In the following detailed description, the present invention is described in connection with a preferred embodiment. However, to the extent that the following description is specific to a particular embodiment or a particular use of the present techniques, it is intended to be illustrative only and merely provides a concise description of the exemplary embodiment. Accordingly, the present invention is not limited to the specific embodiment described below, but rather the invention includes all alternatives, modifications, and equivalents falling within the true scope of the appended claims.
The embodiment will be described with reference to a hydraulic system 10 for operating a fluid-actuated device (not shown), such as for example a hydraulic impact device. The hydraulic system 10 includes a pump 11 for receiving driving fluid (in the form of hydraulic oil) from a tank (not shown) via low pressure fluid supply line 13, and delivering the driving fluid under pressure to the fluid-actuated device via high pressure fluid delivery line 15.
The hydraulic system 10 also includes a hydraulic accumulator 20 for damping pressure pulsations which might arise in the fluid delivery line 15 during operation of the fluid-actuated device, as would be understood by a person skilled in the art. The hydraulic accumulator 20 is in fluid communication with the high pressure fluid delivery line 15 via branch line 19.
The hydraulic accumulator 20 comprises a housing 21 and an inner portion 23, as shown in
The housing 21 defines an interior compartment 25 in which the inner portion 23 is received and mounted.

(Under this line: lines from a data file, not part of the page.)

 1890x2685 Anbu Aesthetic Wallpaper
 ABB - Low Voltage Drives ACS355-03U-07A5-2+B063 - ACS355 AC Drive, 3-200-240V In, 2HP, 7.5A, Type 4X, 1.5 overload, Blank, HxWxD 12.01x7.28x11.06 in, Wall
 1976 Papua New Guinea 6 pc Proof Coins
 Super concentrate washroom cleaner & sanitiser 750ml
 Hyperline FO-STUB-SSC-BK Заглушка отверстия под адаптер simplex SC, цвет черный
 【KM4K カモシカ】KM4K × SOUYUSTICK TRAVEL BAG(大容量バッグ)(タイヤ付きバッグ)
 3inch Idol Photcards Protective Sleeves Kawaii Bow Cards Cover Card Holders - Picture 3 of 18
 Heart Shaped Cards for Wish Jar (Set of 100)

The interior compartment 25 is in fluid communication with the high pressure fluid delivery line 15 via the branch line 19. As such, the interior compartment 25 receives driving fluid (hydraulic oil) from the high pressure fluid delivery line 15. Because of the fluid pressure to which the interior compartment 25 is exposed during operation of the hydraulic system 10, the housing 21 is preferably configured as a pressure vessel.

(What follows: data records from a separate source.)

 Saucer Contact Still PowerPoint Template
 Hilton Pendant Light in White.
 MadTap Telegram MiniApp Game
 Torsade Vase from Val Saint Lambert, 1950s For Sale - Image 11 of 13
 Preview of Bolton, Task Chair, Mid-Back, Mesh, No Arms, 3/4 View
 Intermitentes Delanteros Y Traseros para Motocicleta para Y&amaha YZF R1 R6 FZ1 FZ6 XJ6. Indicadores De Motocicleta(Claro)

With the inner portion 23 received within the housing 21, a zone 27 is defined between the housing 21 and the inner portion 23 for fluid communication with the driving fluid (hydraulic oil). With this arrangement, the inner portion 23 is exposed to driving fluid (hydraulic oil) received within the zone 27.
The inner portion 23 comprising a resiliently deformable solid mass 31, at least a portion of which is deformable in response to fluid pressure in the zone 27 exceeding a prescribed level, thereby to provide pressure relief. The deformable portion is adapted to resiliently rebound in response to fluid pressure in the zone 27 returning to or falling below the prescribed level. In this way, fluid pressure pulsations in the high pressure fluid delivery line 15 (represented by pressure exceeding the prescribed level) are dampened.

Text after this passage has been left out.